### What needs to be done:
Below is a listing; restate from it, character for character, the lines beginning at the line holding "Infotafel an der Beobachtungshütte" and ending at the line holding "Hiroshima Castle, also", both included.

### Given records:
——————

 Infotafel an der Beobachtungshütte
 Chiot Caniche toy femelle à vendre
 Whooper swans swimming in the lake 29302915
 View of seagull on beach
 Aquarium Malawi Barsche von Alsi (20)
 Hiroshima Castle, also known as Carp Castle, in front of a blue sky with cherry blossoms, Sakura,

——————

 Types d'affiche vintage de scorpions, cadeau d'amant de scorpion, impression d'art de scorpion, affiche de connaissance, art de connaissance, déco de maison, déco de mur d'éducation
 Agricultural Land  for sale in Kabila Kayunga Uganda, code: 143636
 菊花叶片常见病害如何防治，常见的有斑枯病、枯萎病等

——————

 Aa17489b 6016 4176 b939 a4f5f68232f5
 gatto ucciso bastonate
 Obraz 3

——————

### Answer below:
 Infotafel an der Beobachtungshütte
 Chiot Caniche toy femelle à vendre
 Whooper swans swimming in the lake 29302915
 View of seagull on beach
 Aquarium Malawi Barsche von Alsi (20)
 Hiroshima Castle, also known as Carp Castle, in front of a blue sky with cherry blossoms, Sakura,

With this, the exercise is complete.